• _Exercise directions_
Print, exactly as they stand, the lines below from the one that has "MT Huntington Central" to the one that has "Tianna_me webcam", inclusive, leaving out the pictures.

START Working data

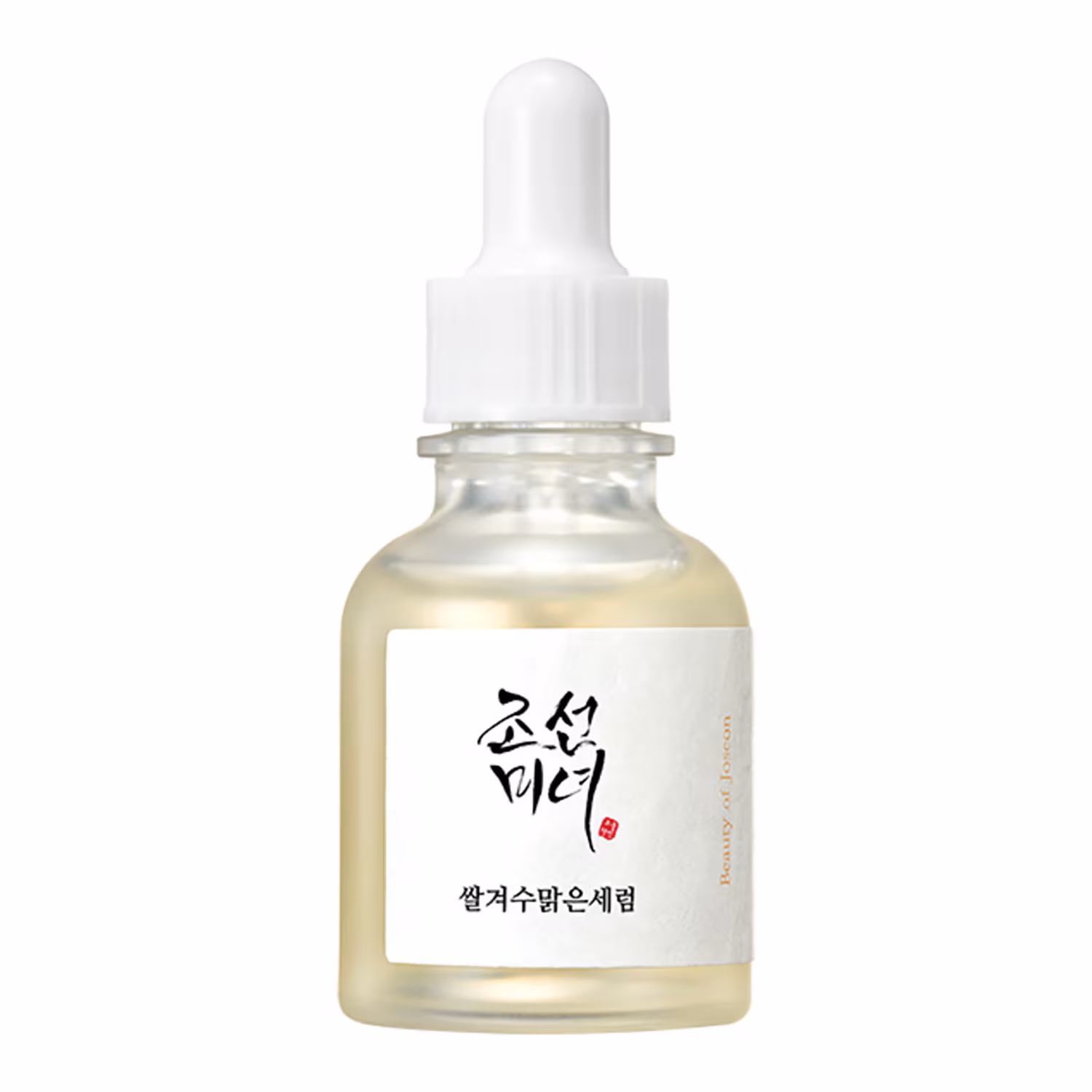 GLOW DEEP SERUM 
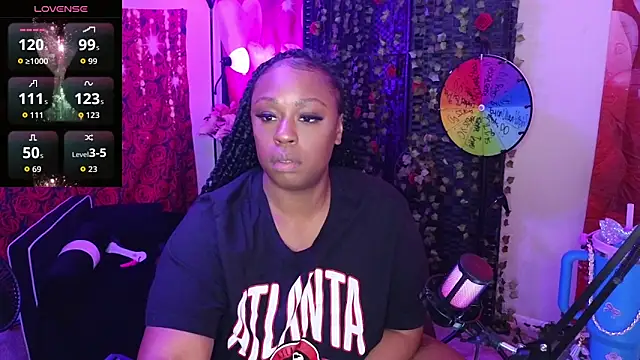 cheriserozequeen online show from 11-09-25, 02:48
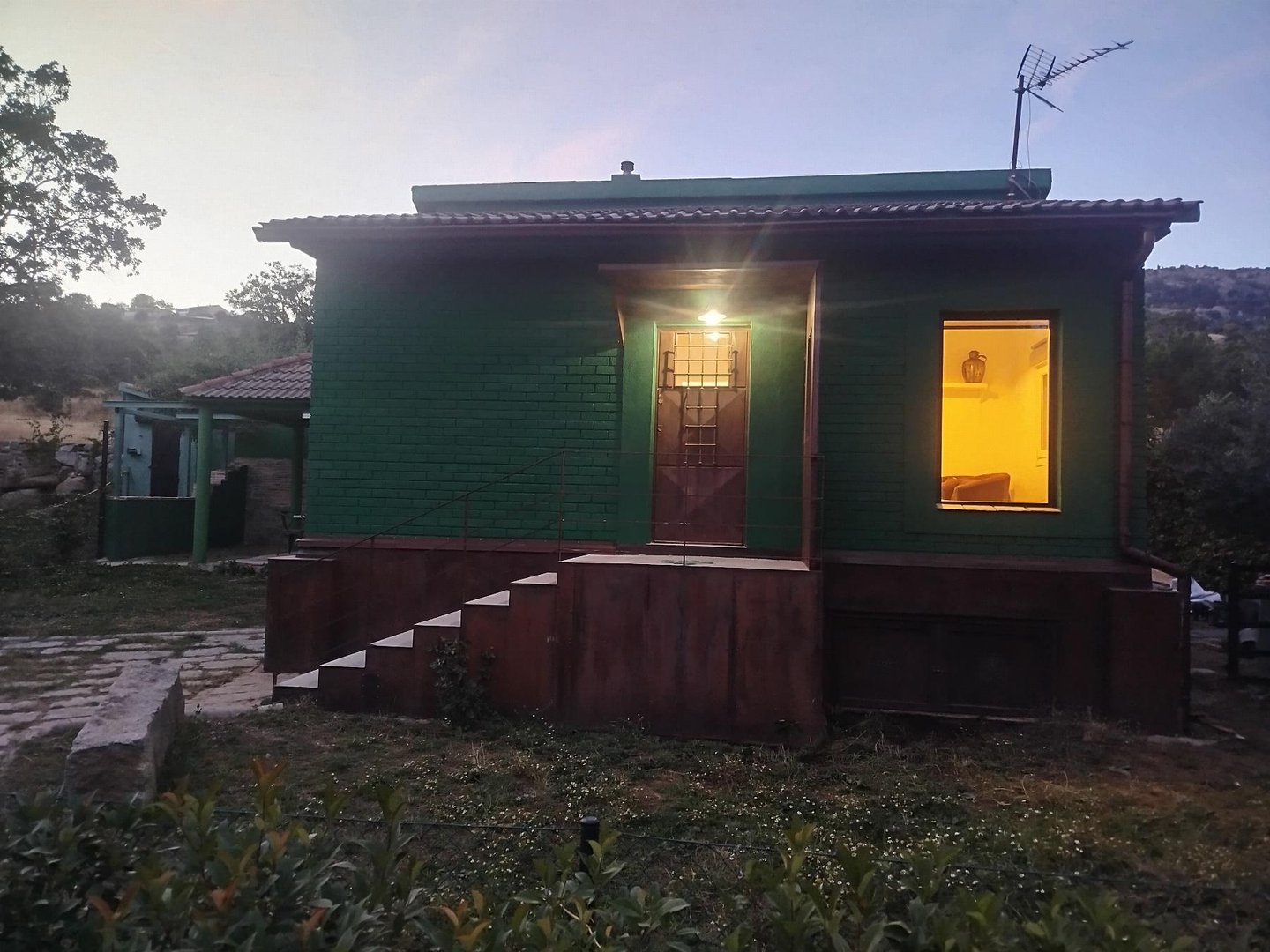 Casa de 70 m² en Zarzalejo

END Working data
START Working data

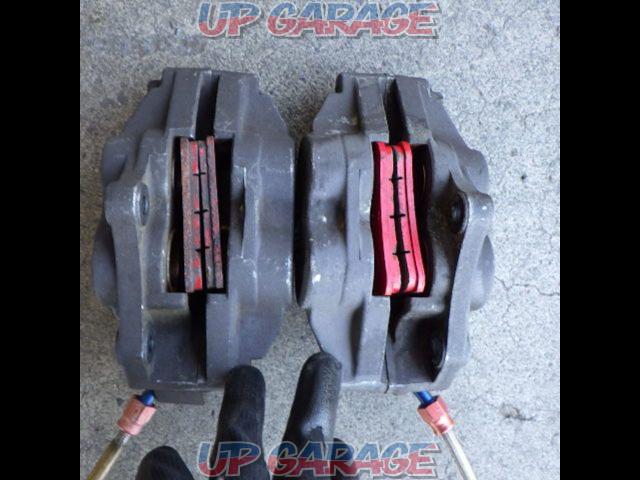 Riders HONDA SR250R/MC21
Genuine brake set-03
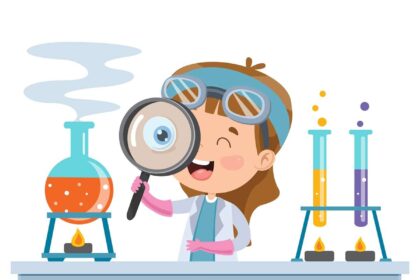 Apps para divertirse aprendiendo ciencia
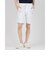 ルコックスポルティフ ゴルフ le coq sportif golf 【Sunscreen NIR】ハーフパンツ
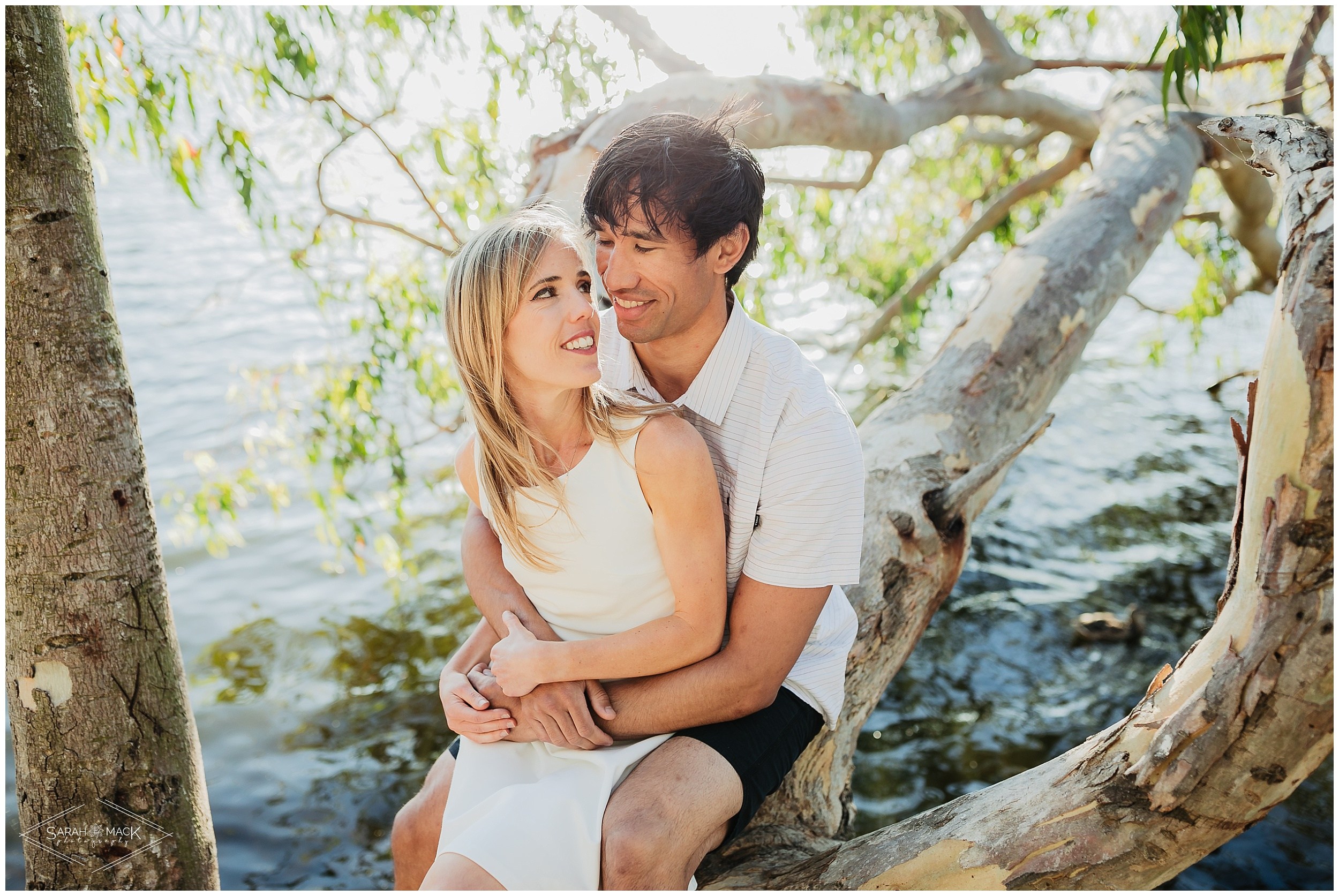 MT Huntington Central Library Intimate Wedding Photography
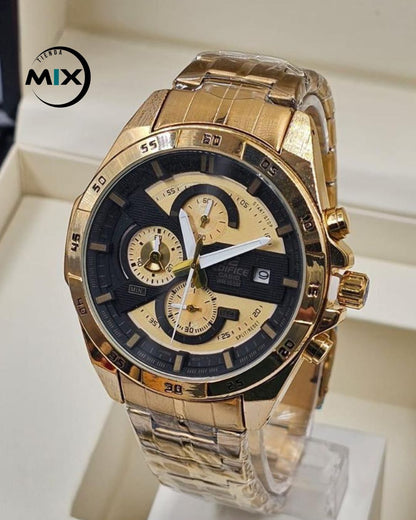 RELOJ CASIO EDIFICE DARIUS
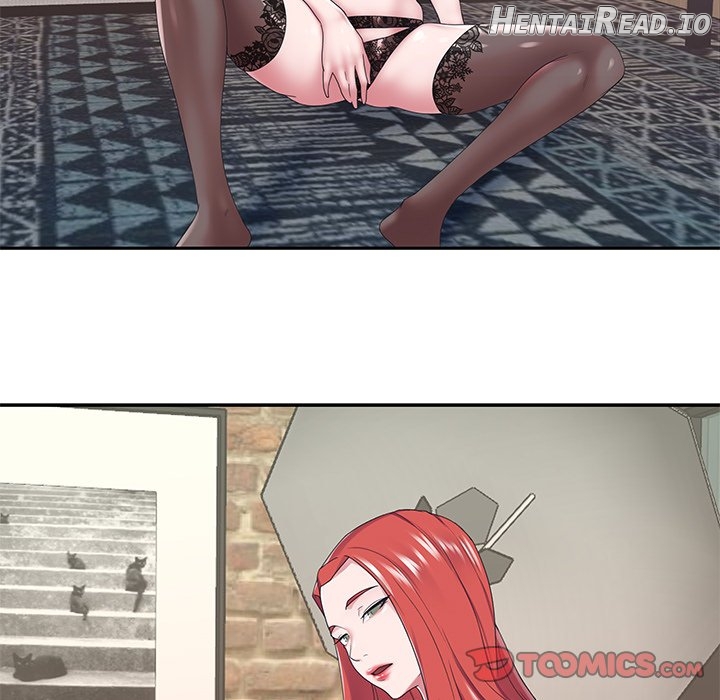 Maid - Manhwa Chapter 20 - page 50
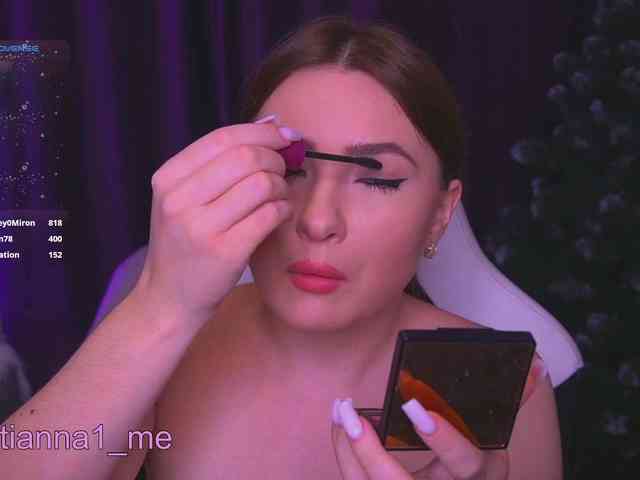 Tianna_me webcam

END Working data

• _Answer to this problem_
 MT Huntington Central Library Intimate Wedding Photography
 RELOJ CASIO EDIFICE DARIUS
 Maid - Manhwa Chapter 20 - page 50
 Tianna_me webcam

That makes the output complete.